Work request
Could you restate word for word only the lines below from the one holding "Cute Turtle Drinking" to the one holding "Fernando Torres celebra", inclusive, and leave out the pictures?

Provided data
***

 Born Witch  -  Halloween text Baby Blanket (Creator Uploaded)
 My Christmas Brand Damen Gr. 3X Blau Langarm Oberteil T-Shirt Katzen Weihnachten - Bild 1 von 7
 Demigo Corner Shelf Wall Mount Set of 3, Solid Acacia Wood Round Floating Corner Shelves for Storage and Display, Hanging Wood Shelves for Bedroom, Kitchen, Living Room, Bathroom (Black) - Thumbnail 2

***

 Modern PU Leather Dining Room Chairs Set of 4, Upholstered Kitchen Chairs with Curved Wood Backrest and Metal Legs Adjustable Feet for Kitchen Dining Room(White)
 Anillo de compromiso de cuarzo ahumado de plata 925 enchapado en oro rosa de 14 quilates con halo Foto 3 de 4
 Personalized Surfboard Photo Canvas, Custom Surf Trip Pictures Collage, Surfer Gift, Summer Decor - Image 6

***

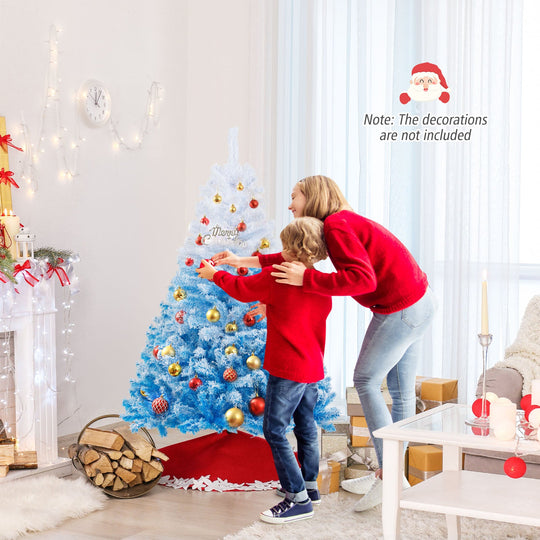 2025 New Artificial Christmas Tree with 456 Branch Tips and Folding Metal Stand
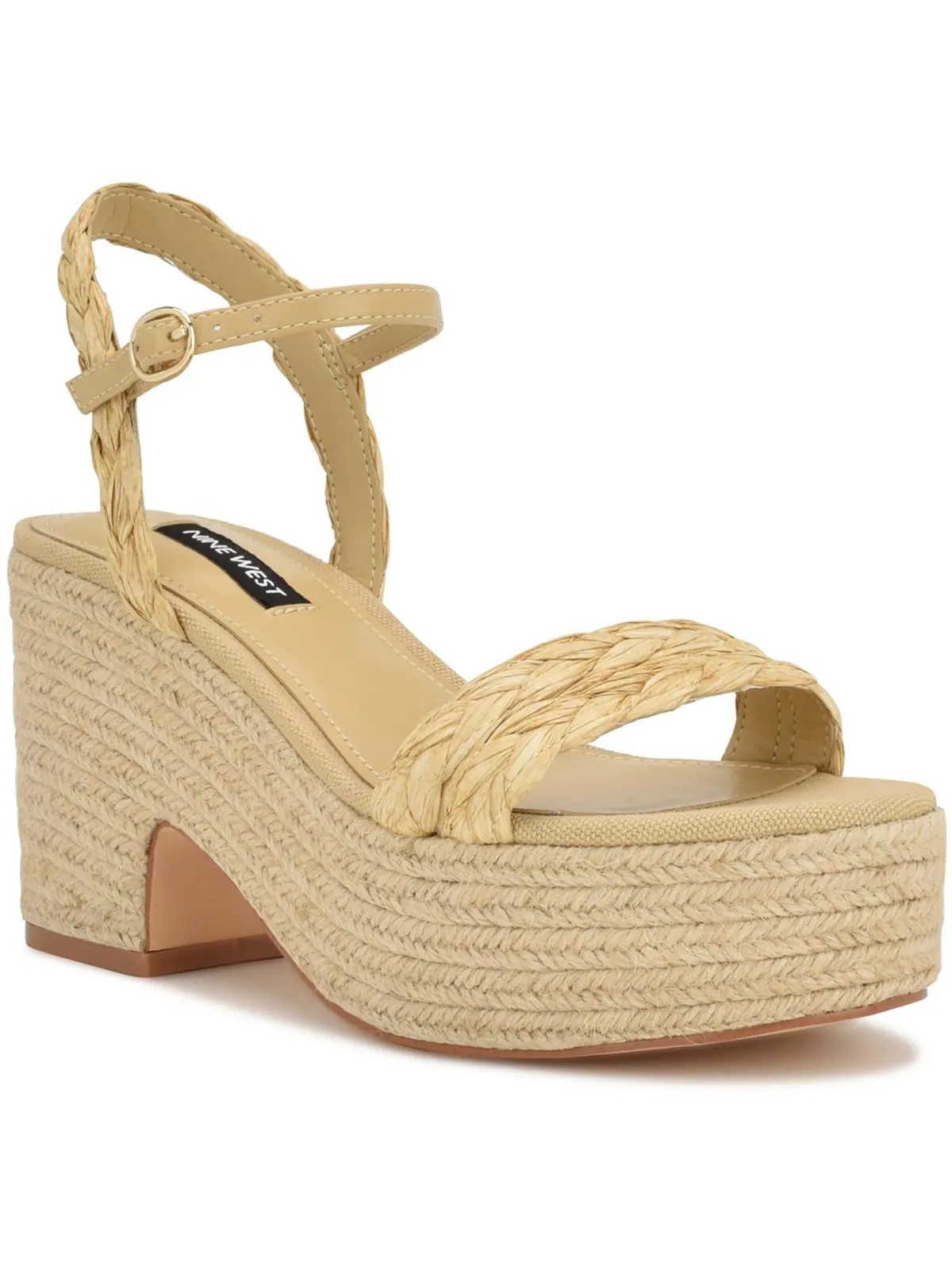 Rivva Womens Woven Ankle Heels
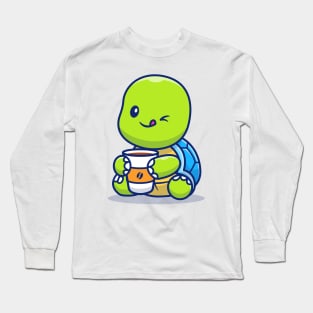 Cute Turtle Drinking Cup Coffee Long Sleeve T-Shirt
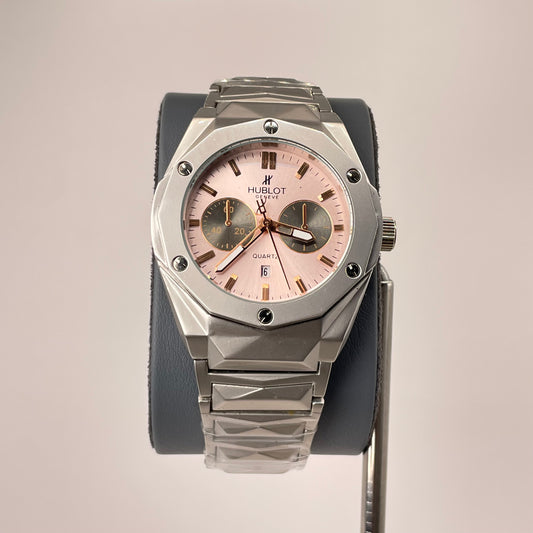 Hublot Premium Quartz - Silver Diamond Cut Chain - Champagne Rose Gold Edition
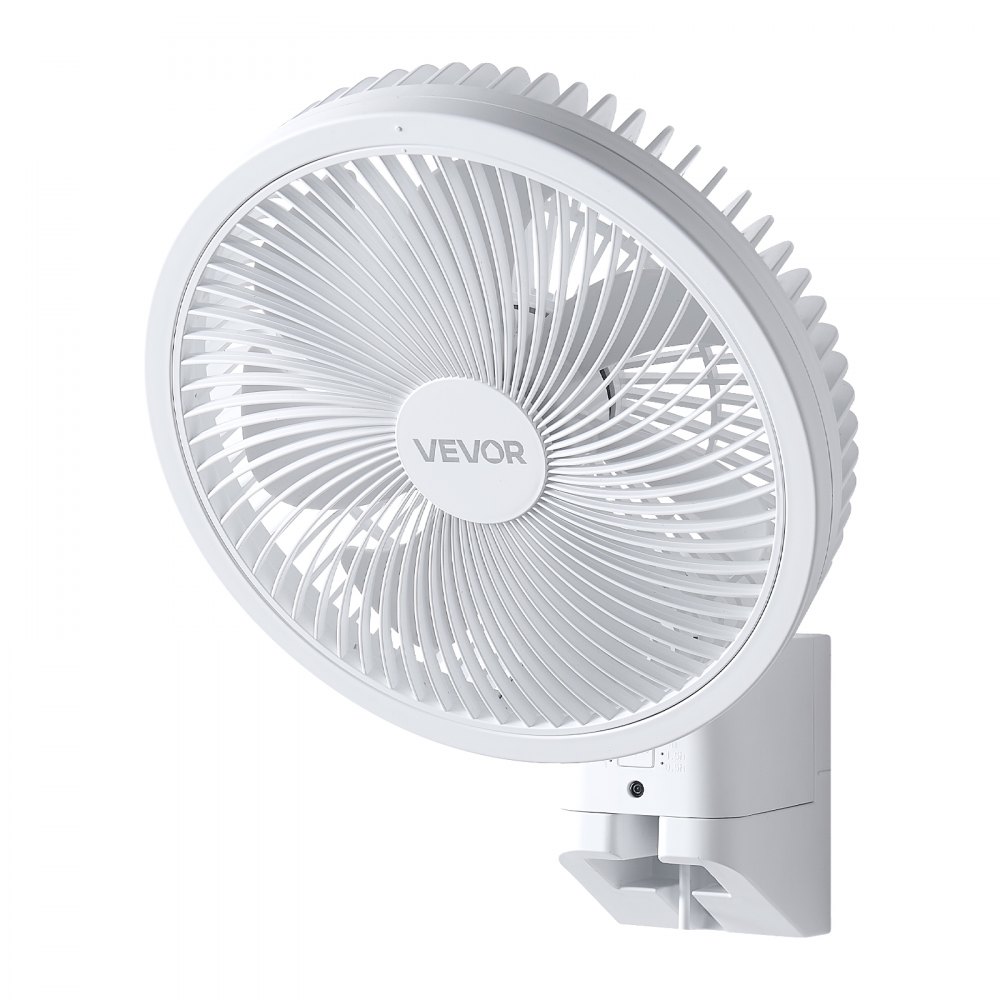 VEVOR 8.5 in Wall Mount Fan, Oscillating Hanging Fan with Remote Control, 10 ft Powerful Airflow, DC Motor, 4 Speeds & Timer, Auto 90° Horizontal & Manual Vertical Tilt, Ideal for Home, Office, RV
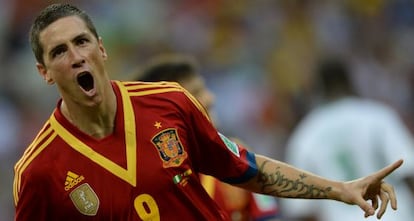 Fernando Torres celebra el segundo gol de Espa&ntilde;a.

***

Reply
 Cute Turtle Drinking Cup Coffee Long Sleeve T-Shirt
 Hublot Premium Quartz - Silver Diamond Cut Chain - Champagne Rose Gold Edition
 VEVOR 8.5 in Wall Mount Fan, Oscillating Hanging Fan with Remote Control, 10 ft Powerful Airflow, DC Motor, 4 Speeds & Timer, Auto 90° Horizontal & Manual Vertical Tilt, Ideal for Home, Office, RV
 Fernando Torres celebra el segundo gol de Espa&ntilde;a.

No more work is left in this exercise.